[Start of section]
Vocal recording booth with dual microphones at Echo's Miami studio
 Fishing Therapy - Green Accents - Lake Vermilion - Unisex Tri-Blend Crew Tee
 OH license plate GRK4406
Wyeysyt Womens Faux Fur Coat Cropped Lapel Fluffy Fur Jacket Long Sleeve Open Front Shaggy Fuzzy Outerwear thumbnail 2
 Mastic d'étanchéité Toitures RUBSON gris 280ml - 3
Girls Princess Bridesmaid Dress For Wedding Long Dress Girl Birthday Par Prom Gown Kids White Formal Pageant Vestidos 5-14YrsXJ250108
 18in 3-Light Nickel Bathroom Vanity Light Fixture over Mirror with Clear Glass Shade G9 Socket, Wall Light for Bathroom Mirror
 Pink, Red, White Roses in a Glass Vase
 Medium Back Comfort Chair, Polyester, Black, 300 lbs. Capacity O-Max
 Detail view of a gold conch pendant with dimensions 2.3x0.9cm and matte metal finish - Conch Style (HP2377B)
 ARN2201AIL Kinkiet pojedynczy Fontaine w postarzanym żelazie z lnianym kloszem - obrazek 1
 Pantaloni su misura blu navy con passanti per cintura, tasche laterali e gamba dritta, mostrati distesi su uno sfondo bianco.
[End of section]
Exact transcription of the listing is needed, with no line left out.

■ THE COMPLETED TASK:
Vocal recording booth with dual microphones at Echo's Miami studio
 Fishing Therapy - Green Accents - Lake Vermilion - Unisex Tri-Blend Crew Tee
 OH license plate GRK4406
Wyeysyt Womens Faux Fur Coat Cropped Lapel Fluffy Fur Jacket Long Sleeve Open Front Shaggy Fuzzy Outerwear thumbnail 2
 Mastic d'étanchéité Toitures RUBSON gris 280ml - 3
Girls Princess Bridesmaid Dress For Wedding Long Dress Girl Birthday Par Prom Gown Kids White Formal Pageant Vestidos 5-14YrsXJ250108
 18in 3-Light Nickel Bathroom Vanity Light Fixture over Mirror with Clear Glass Shade G9 Socket, Wall Light for Bathroom Mirror
 Pink, Red, White Roses in a Glass Vase
 Medium Back Comfort Chair, Polyester, Black, 300 lbs. Capacity O-Max
 Detail view of a gold conch pendant with dimensions 2.3x0.9cm and matte metal finish - Conch Style (HP2377B)
 ARN2201AIL Kinkiet pojedynczy Fontaine w postarzanym żelazie z lnianym kloszem - obrazek 1
 Pantaloni su misura blu navy con passanti per cintura, tasche laterali e gamba dritta, mostrati distesi su uno sfondo bianco.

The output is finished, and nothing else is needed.